__Required work__
Your answer should be every line of the records that contains the word "White", copied as it stands.

__Data to process__
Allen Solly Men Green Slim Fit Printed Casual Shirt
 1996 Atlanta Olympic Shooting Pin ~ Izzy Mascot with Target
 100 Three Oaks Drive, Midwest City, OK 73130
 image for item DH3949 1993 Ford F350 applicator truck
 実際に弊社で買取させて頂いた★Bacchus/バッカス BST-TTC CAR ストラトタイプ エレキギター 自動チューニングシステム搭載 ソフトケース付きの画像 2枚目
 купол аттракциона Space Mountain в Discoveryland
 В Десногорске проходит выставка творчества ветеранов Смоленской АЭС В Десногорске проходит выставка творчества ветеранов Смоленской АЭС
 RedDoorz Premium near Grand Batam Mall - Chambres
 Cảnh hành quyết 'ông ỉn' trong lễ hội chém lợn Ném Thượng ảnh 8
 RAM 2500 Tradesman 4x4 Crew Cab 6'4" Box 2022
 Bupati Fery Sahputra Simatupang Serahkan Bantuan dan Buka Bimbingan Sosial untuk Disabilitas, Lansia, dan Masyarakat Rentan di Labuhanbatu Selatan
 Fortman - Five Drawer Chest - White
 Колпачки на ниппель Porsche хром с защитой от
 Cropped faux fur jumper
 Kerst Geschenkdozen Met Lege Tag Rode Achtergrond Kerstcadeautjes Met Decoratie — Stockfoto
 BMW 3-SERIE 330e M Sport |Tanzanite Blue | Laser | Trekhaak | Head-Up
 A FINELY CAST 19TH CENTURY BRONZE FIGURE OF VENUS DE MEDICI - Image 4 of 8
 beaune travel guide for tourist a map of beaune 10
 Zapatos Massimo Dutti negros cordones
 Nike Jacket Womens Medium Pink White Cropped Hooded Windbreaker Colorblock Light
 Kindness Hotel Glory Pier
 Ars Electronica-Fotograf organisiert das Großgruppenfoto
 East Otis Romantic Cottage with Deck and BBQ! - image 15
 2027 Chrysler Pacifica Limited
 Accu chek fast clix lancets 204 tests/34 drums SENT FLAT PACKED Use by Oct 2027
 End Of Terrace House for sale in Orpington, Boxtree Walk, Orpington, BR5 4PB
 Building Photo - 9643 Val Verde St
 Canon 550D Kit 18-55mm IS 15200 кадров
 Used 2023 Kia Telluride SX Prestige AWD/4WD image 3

__Response__
 Fortman - Five Drawer Chest - White
 Nike Jacket Womens Medium Pink White Cropped Hooded Windbreaker Colorblock Light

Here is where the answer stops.